This formula tells the investor how far the account would have to fall to be exactly at 25% equity. Let’s do the formula using our example:

**Mkt value at min. maint.** = **$30,000** (debit) / **0.75**
**Mkt value at min. maint.** = **$40,000**

If the market value were to fall to $40,000, the account would be exactly at 25% equity. You can double-check this using the equity formulas we’ve utilized. First, the equity formula in dollars:

**$40,000** (LMV) - **$30,000** (debit) = **$10,000** (equity)

Next, the equity formula as a percentage:

**Equity %** = **$10,000** (equity) / **$40,000** (LMV)
**Equity %** = **25%**

As you can see, the account is exactly at 25% equity when it falls to $40,000. This is a quick way to determine how far an investor can let their long margin account fall before they’ll have to take action in their account.

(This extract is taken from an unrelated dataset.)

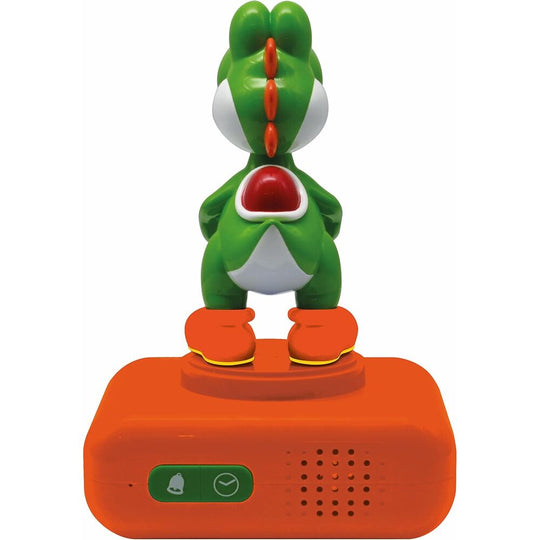 Vue rapprochée du réveil Yoshi avec affichage des heures et boutons de contrôle visibles.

The same philosophy behind minimum maintenance for long accounts applies to short accounts, but there are some differences in approach. The biggest difference is the amount; short accounts must always maintain at least **30% equity** (not 25% like long accounts). If equity falls below 30%, the investor or broker-dealer must move to remedy the situation. Let’s work through an example together:

An investor has an already established margin account with a credit balance of $52,000 and a short market value of $20,000. The account value rises to $45,000. What is the equity amount (in $ and % form)?

First, the equity formula in dollar form:

**$52,000** (credit) - **45,000** (SMV) = **$7,000** (equity)

Next, the equity formula in percent form:

**Equity %** = **$7,000** (equity) / **$45,000** (SMV)
**Equity %** = **15.5%**

This account is well below the 30% minimum maintenance requirement. The account is in danger of going “underwater,” which would occur if the market value went above the credit balance. This results in the value of the stock required to be repurchased being more than the cash in the account. There are two ways to fix a short margin account that falls below minimum maintenance:

- Investor deposits more money
- Part or all of the short position is closed (repurchased)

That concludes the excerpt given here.